If I expand the area of interest to include new grids in p1_global_grid_aoi, I expect that those unchanged grids will be skipped when building p1_wqp_data_aoi since those inventory data have not changed. Instead, all branches seem to be re-building!

For this example, I've used the wqp args below and modified p1_AOI_sf to represent a rectangular polygon rather than a triangle. I then ran tar_make().

# Define which parameter groups (and CharacteristicNames) to return from WQP 
# options for parameter groups are represented in first level of 1_fetch/cfg/wqp_codes.yml
param_groups_select <- c('conductivity')

# Specify coordinates that define the spatial area of interest
# lat/lon are referenced to WGS84
coords_lon <- c(-77.063, -75.333, -75.437)
coords_lat <- c(40.547, 41.029, 39.880)
  # Create a spatial (sf) object representing the area of interest
  tar_target(
    p1_AOI_sf,
    {
      aoi <- sf::st_as_sf(p1_AOI, coords = c("lon","lat"), crs = 4326) %>%
        summarize(geometry = st_combine(geometry)) %>%
        sf::st_cast("POLYGON")
      sf::st_bbox(aoi) %>%
        st_as_sfc()
    }
  ),

Now, say I want to expand the area of interest to capture sites further westward, so I adjust the lat/lon in _targets.R:

coords_lon <- c(-77.63, -75.333, -75.437)

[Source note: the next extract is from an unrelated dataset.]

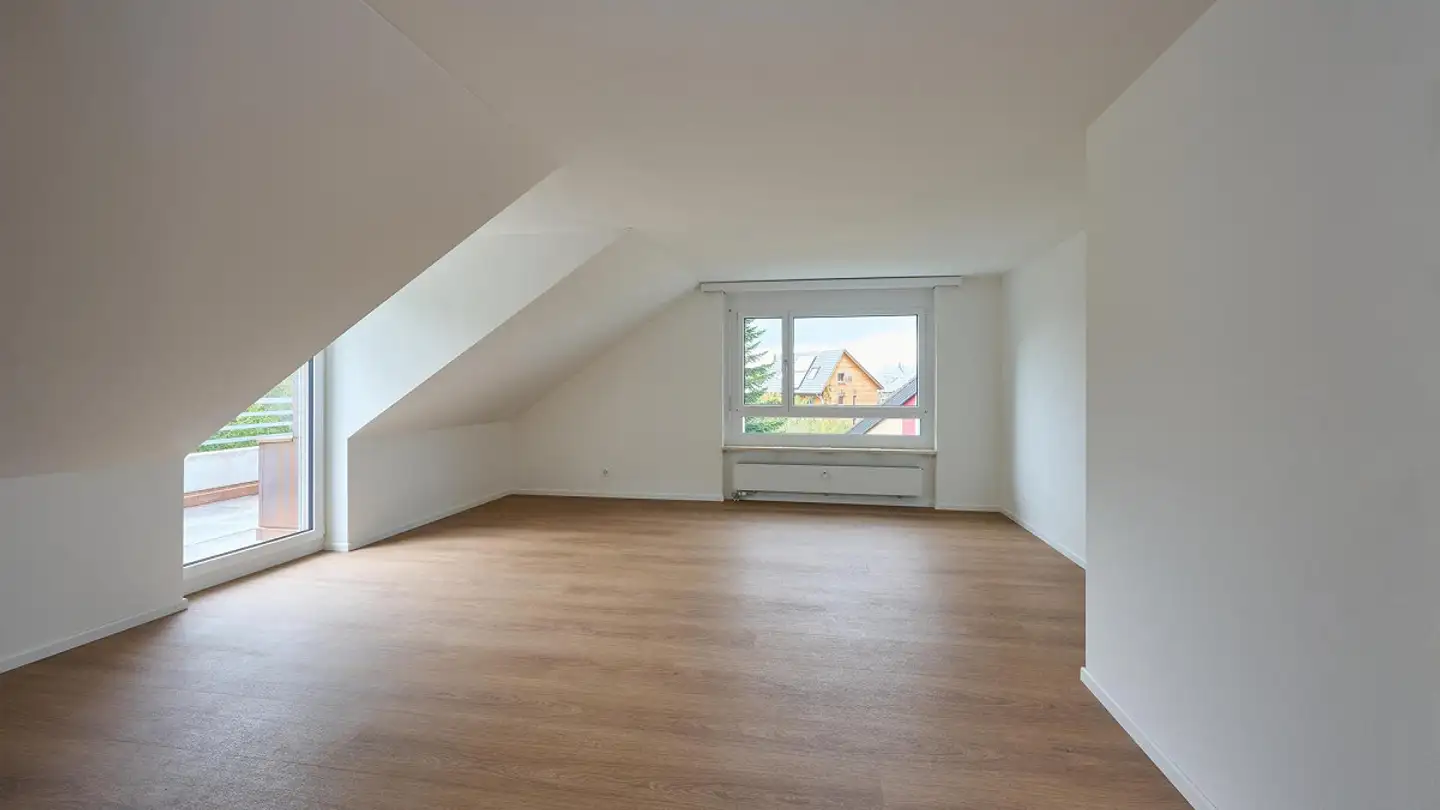 Wohnung mieten - Kirchbündtenstrasse 34, 4107 Ettingen - Foto 4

Here's a visual of the expanded AOI, where the new AOI is in black on top of the old AOI in blue. The only data that should change therefore, are the sites in grids 11572 and 11752.

Rplot

But when I re-run tar_make(), data is re-downloaded for all of the 1639 sites 😱

...
* start branch p1_wqp_data_aoi_f5119172
Retrieving WQP data for sites 1:83
* built branch p1_wqp_data_aoi_f5119172
* start branch p1_wqp_data_aoi_923ae52f
Retrieving WQP data for sites 84:190
* built branch p1_wqp_data_aoi_923ae52f
* start branch p1_wqp_data_aoi_20d55077
Retrieving WQP data for sites 191:690
* built branch p1_wqp_data_aoi_20d55077
* start branch p1_wqp_data_aoi_03c2aacd
Retrieving WQP data for sites 691:1190
* built branch p1_wqp_data_aoi_03c2aacd
* start branch p1_wqp_data_aoi_75169c97
Retrieving WQP data for sites 1191:1396
* built branch p1_wqp_data_aoi_75169c97
* start branch p1_wqp_data_aoi_67aa4733
Retrieving WQP data for sites 1397:1639
...
lekoenig commented 2 years ago

To me, there are two likely culprits here:

  1. We currently include an attribute called site_n in p1_site_counts_grouped. The site number was meant to be useful to inform the user about the progress of the data download step. However, if we expand the AOI, I could see these site numbers being re-tabulated, thus triggering a full download.
  2. The lat/lon fields in p1_site_counts_grouped are of class numeric, however they appear to have site or row numbers attached, for example:
> tar_load(p1_site_counts_grouped)
> class(p1_site_counts_grouped$lat)
[1] "numeric"
> p1_site_counts_grouped$lat[1]
     67 
39.9389 
> 

If those values ("67" above) get changed, I wonder if that triggers a rebuild of all the data. In either case, it would probably be more robust to coerce lat and lon to numeric in transform_site_locations().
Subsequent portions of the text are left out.